START PROVIDED ENTRIES

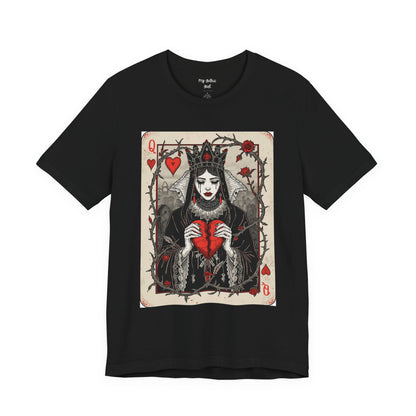 Queen of Hearts Playing Card T-Shirt — Gothic Rose Broken Heart Graphic Tee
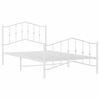vidaXL Metal Bed Frame without Mattress with Footboard White 107x203cm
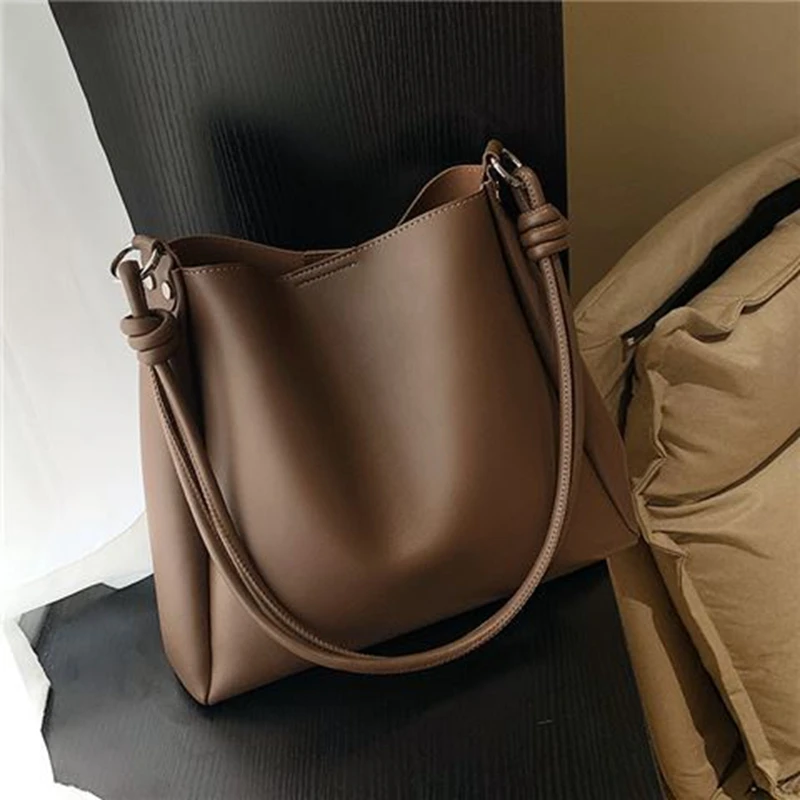 Bolsos de hombro de cuero PU para mujer, bolso de mano sólido, monedero elegante, bolsos con asa para el trabajo, negro y marrón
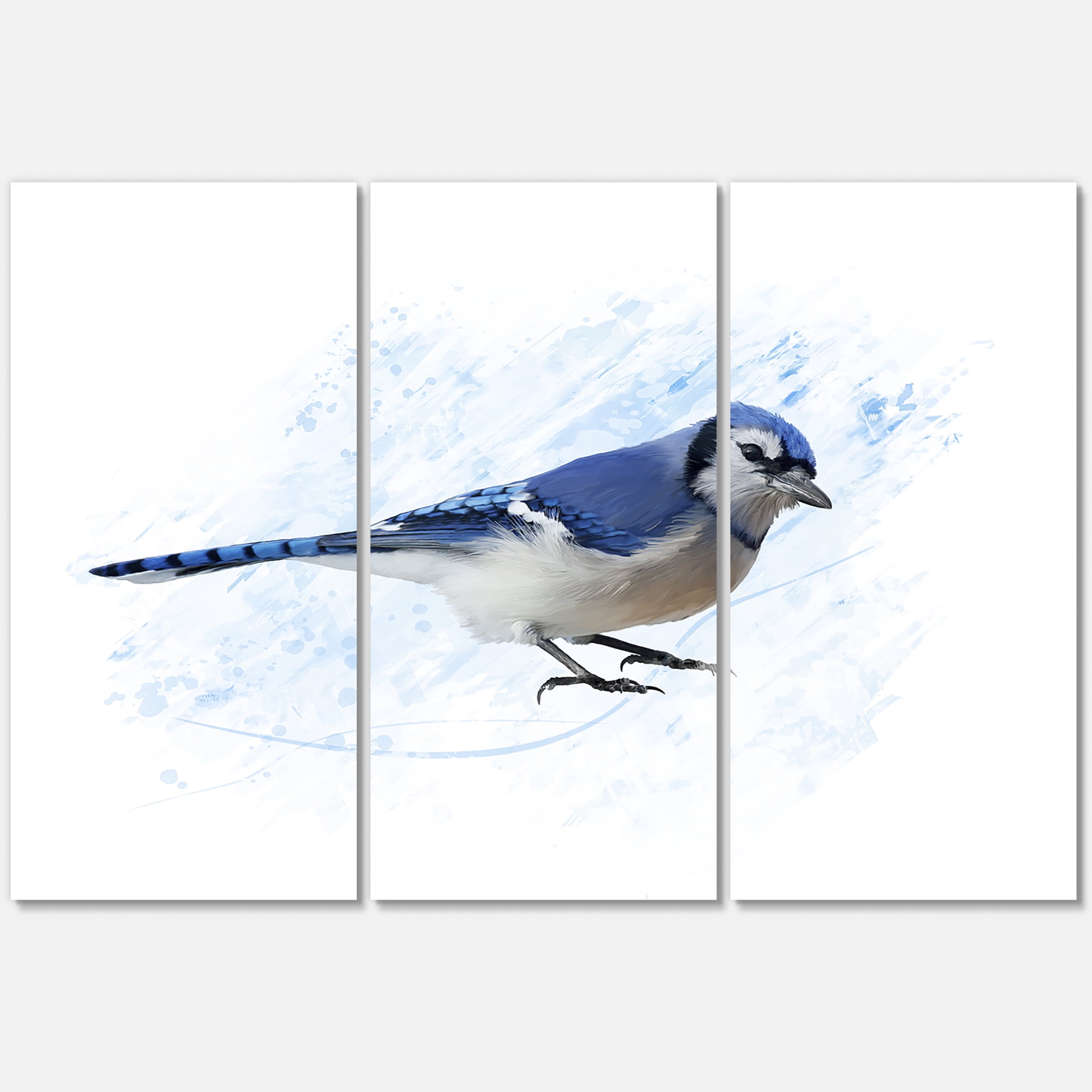 Designart ' Ancient Blue Jay Bird ' Traditional Canvas Wall Art Print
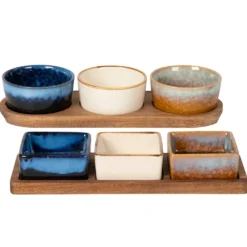Antipastiera con 3 Ciotole in Ceramica Reactive e Base in Acacia 25x9,5 cm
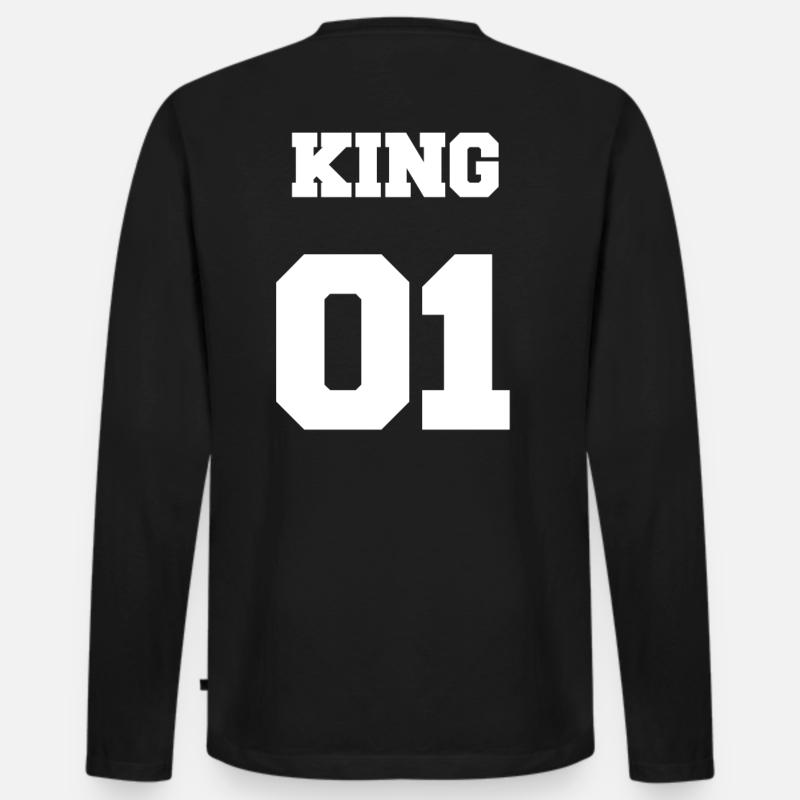 KING 01 White - Männer Premium Bio Langarmshirt - Schwarz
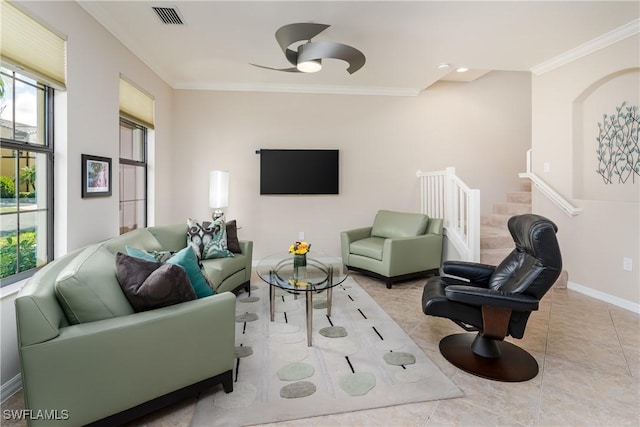 9051 Capistrano St N Unit 4302, Naples, FL 34113 - tiled living area featuring crown molding, stairs, and a ceiling fan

END PROVIDED ENTRIES

YOUR TASK: Exactly the lines from the one holding "KING 01 White" to the last line of the records above should be duplicated, with no pictures among them.

OUTPUT:
 KING 01 White - Männer Premium Bio Langarmshirt - Schwarz
 9051 Capistrano St N Unit 4302, Naples, FL 34113 - tiled living area featuring crown molding, stairs, and a ceiling fan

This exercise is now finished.